Assigned task: Pictures must not appear in the copy. Set down exactly the line with "de Gel Juego" and each line after it through the end of the data below.

Collected material:
◇ ◇ ◇

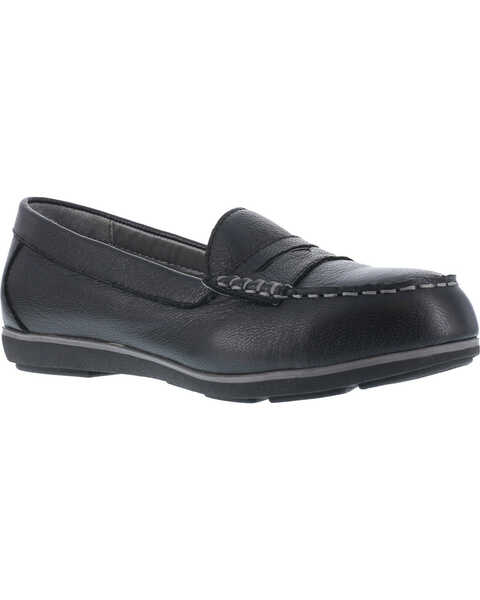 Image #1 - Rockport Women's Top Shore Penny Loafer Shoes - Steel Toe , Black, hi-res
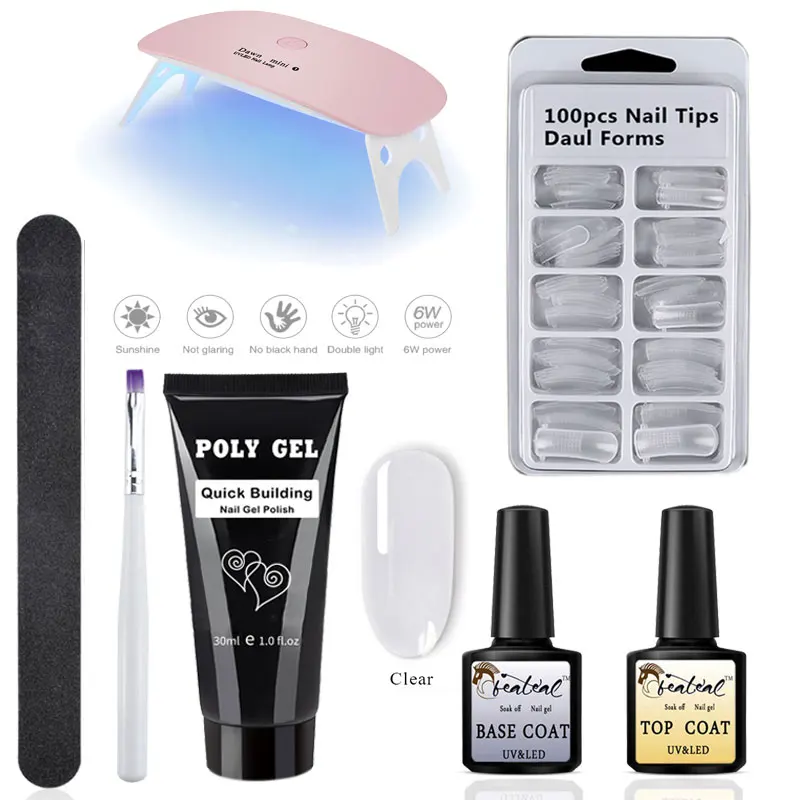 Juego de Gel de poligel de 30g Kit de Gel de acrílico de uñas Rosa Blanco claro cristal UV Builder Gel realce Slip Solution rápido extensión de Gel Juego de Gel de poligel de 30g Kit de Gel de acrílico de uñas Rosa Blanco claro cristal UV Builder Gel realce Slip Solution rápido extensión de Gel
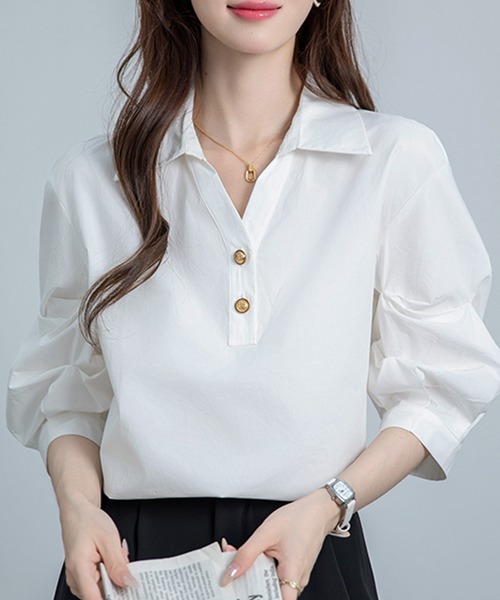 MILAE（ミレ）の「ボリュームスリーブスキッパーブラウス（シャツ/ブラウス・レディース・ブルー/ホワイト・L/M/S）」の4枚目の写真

◇ ◇ ◇

Result of this exercise:
 Juego de Gel de poligel de 30g Kit de Gel de acrílico de uñas Rosa Blanco claro cristal UV Builder Gel realce Slip Solution rápido extensión de Gel Juego de Gel de poligel de 30g Kit de Gel de acrílico de uñas Rosa Blanco claro cristal UV Builder Gel realce Slip Solution rápido extensión de Gel
 MILAE（ミレ）の「ボリュームスリーブスキッパーブラウス（シャツ/ブラウス・レディース・ブルー/ホワイト・L/M/S）」の4枚目の写真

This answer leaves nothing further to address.